Throughout the day, Mortimore heard from readers and advertisers, who shared messages that were, overwhelmingly, positive. In some ways, he said, that made it all the harder to swallow. A native and current resident of Torrington, Mortimore said he’d gotten choked up reading some of the well wishes from people he knows.

Torrington’s Little League baseball team is currently representing Wyoming at the Mountain Region tournament in San Bernardino, California, and the Telegram has been covering their success.

“It’s been a very good week here, as far as being able to share the stories of what they’re doing, and the community really getting behind it,” said Mortimore, who previously coached the youth, “and now we just … there’s nothing.”

He predicted that, in the absence of the Telegram, the community would continue to share those stories in other ways. But it won’t be the same.

Radio stations offer coverage in some of the impacted communities, like Wheatland and Torrington, but not places like Lusk and Guernsey, Mortimore said.

“There is really no other option,” he said, adding, “It was basically the newspapers in these communities. So that’s the hardest pill to swallow.”

‘We rely on our local paper’

Lynette Saucedo of Torrington described the closures as devastating not only for her community but the entire state.

“In these small, rural communities, we rely on our local paper,” Saucedo said. “There’s definitely a population in our community that, that is their news.”

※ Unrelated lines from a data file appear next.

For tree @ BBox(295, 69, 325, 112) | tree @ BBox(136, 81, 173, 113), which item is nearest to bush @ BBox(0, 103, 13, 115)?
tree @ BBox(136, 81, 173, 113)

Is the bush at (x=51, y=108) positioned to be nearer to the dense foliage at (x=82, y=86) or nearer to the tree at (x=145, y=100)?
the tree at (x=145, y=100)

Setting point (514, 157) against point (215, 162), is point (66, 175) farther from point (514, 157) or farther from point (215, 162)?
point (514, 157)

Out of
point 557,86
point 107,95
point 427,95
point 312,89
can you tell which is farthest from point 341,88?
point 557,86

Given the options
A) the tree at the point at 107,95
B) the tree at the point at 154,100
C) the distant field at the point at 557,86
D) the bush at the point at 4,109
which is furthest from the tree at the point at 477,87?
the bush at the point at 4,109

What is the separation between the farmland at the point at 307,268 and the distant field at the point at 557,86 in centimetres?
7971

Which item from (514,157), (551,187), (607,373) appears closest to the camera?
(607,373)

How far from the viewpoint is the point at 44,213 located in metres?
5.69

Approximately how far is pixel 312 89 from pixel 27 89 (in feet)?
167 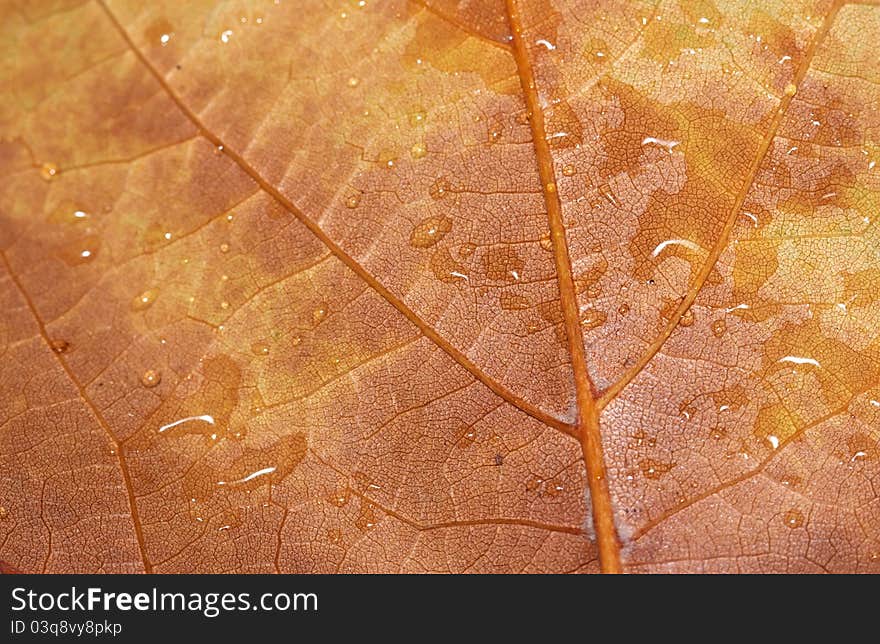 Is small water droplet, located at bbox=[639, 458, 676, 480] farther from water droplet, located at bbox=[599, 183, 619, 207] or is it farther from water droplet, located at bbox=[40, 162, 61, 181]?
water droplet, located at bbox=[40, 162, 61, 181]

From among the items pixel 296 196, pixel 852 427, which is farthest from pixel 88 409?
pixel 852 427

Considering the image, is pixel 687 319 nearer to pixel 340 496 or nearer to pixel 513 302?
pixel 513 302

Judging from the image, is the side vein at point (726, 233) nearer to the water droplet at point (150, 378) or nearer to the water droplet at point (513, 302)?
the water droplet at point (513, 302)

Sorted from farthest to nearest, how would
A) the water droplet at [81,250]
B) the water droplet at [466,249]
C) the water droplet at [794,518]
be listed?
the water droplet at [81,250], the water droplet at [466,249], the water droplet at [794,518]

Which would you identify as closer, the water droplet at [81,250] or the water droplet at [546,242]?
the water droplet at [546,242]

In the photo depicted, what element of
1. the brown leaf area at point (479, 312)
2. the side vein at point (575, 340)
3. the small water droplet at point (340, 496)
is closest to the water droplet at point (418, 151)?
the brown leaf area at point (479, 312)

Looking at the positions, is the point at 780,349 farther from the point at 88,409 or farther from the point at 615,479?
the point at 88,409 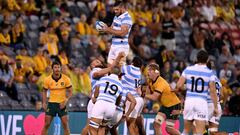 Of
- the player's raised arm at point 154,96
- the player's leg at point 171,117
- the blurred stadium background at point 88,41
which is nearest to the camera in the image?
the player's raised arm at point 154,96

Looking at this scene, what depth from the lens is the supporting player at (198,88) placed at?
72.3ft

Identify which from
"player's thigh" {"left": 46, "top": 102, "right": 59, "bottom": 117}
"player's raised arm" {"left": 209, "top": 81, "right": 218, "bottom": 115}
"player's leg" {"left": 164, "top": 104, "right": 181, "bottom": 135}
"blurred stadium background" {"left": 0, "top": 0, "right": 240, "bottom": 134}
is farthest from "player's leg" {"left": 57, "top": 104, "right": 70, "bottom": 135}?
"player's raised arm" {"left": 209, "top": 81, "right": 218, "bottom": 115}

One of the Torrington Telegram’s final stories was about “Pickles the Rock Snake,” a new community art project that Saucedo helped coordinate in her role as the director of an afterschool program. The artwork was installed outside the Torrington Police Department, and was aimed at forging positive relationships between officers and local youth, the Telegram reported.

Over the years, Saucedo said she and the police department have also used the paper to share information about the warning signs for suicide and to remind youth about staying safe at events like homecoming and prom.

In the absence of the Telegram, that sharing is “going to be difficult,” she said. “We do have social media platforms, but that’s not the same thing.”

Without reporters building relationships in the community and telling local stories, “you just start to lose that community connection,” she said.

Saucedo, 58, has lived in Torrington her entire life and “the Telegram has never not been here,” she said, adding, “not having it is going to be quite a loss.”

Tennessee Watson contributed reporting.